# [INSTRUCTIONS TO FOLLOW]
Would you reproduce exactly the lines below from the one holding "关于胃脘痛针灸治疗你了解多少？" through the one holding "Evo kako je", inclusive, and no others?

# [RECORDS]
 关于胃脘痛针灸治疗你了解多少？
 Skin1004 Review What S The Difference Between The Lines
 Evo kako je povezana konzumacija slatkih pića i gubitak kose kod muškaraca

---

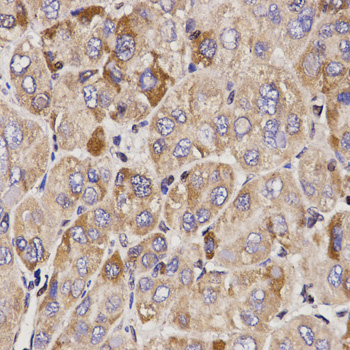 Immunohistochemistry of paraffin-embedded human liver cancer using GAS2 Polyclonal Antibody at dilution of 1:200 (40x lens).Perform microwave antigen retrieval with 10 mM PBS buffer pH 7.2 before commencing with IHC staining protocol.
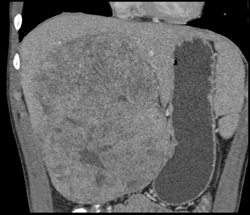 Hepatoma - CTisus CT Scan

# [SOLUTION]
 关于胃脘痛针灸治疗你了解多少？
 Skin1004 Review What S The Difference Between The Lines
 Evo kako je povezana konzumacija slatkih pića i gubitak kose kod muškaraca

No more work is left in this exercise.